Not changing the subject, just getting to the heart of the matter.
Two Christians disagree. Which is right? Who has the final say?
If the ‘authority’ says it’s up to the individual, then so be it.
If the ‘authority’ says it’s not and give a definitive answer, then so be it.
What is the ‘truth’ of the matter? Who says it is?
My comments were in reference to issues like Abortion and Euthanasia, and now you change over to the “truth of scripture,” in which neither of these issues appear (at least explicitly).
Abortion and Euthenasia are only examples of topics that Christians disagree on.
The issue is who the church is and what authority it has to teach on such topics.
That’s what I was saying “as good as we can” in reference to. I cannot point to a passage of scripture and say, “Jesus condemned abortion right here.” He doesn’t.
Exactly!
So we should listen to the authority Jesus left on Earth to know what the truth is regarding Abortion.

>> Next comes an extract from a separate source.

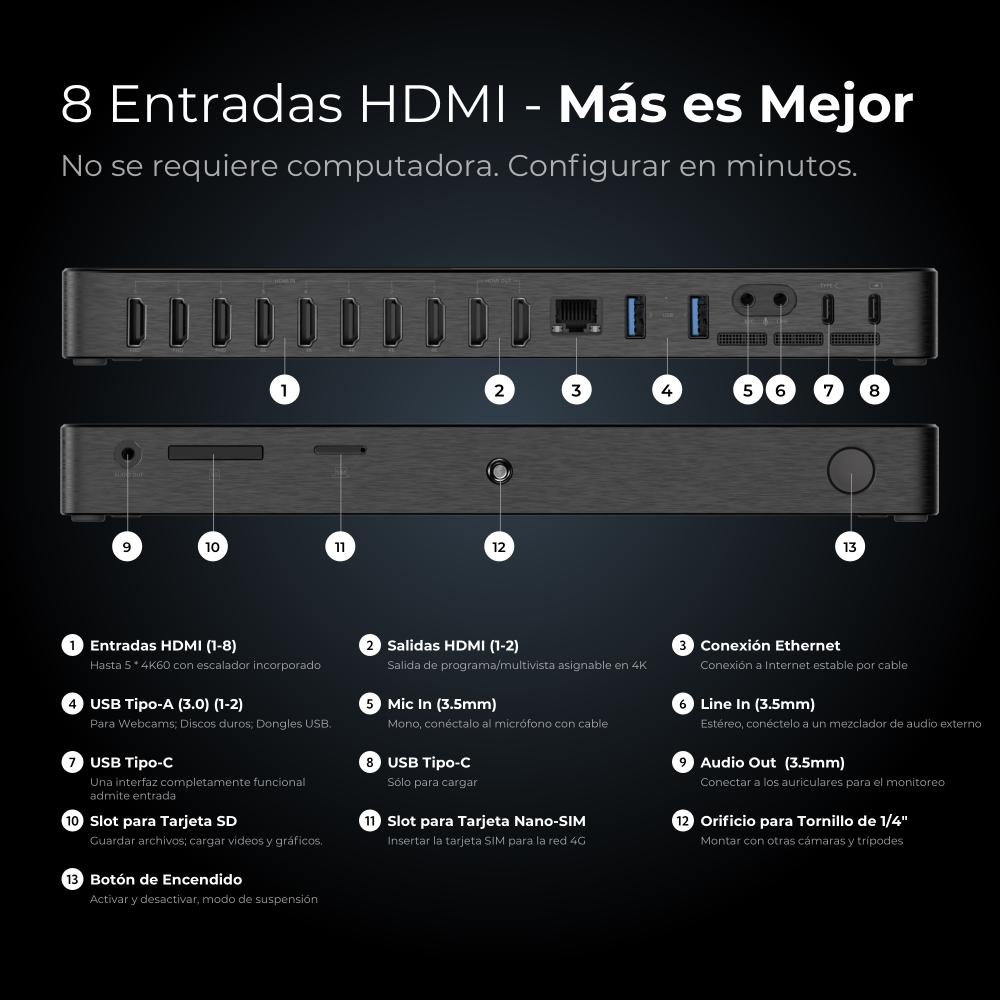 YoloBox Extreme - Imagen 13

How do your feelings change if, for example, the topic is the Eucharist and the Real Presence or any other topic (birth control).
What I can do is explain to someone, based on principles found in the Bible, why I find abortion to be wrong (it’s the taking of an innocent life, etc.), but the rest is up to that person’s conscience, and is between him/her and God.
I agree that this it is a wholesome and right thing to do to try and correct something that this person wrongly believes. If that doesn’t work then scripture says to bring others that believe as you do to help this wrong-thinking person to understand the error. If he still doesn’t believe, we bring him to the church.
We do
not leave it “up to that person’s conscience” and resign them to deal with God.
I’m not sure how you could object to this when the Catholic church does the same thing (leaves room for the individual’s conscience).
I can absolutely object to it.
In your description you say that you can do your best to teach that person that abortion is wrong, but if they don’t believe you then what they do is not a sin.
This is making ‘truth’ subjective for that person.
You can’t really claim that everyone in your church thinks exactly the same way in all things. I can prove that they don’t:
From
catholic.com/library/creation_and_genesis.asp:
“Catholics are at liberty to believe that creation took a few days or a much longer period, according to how they see the evidence, and subject to any future judgment of the Church (Pius XII’s 1950 encyclical Humani Generis 36–37).”
Ahh … but what the Catholic Church teaches definitively, is believed, definitively, by all Catholics.
Nobody said that the Catholic Church has a definitive teaching for every topic on the face of the planet.
However, what it has defined, it has defined as truth with the authority given the church by Christ himself.
“Catholics are at liberty to believe”? Sounds a lot like what I’ve been saying regarding differences of opinion on certain matters. We are at liberty to believe differently about many things, just not those issues involving salvation. Those, the Apostles make quite clear.
… and to bring this back to one of your first posts …
It is not correct to say that we are at liberty to believe differently on issues involving salvation. Nowhere do the Apostles make quite clear that you and I can have different ideas on salvation. Please cite examples.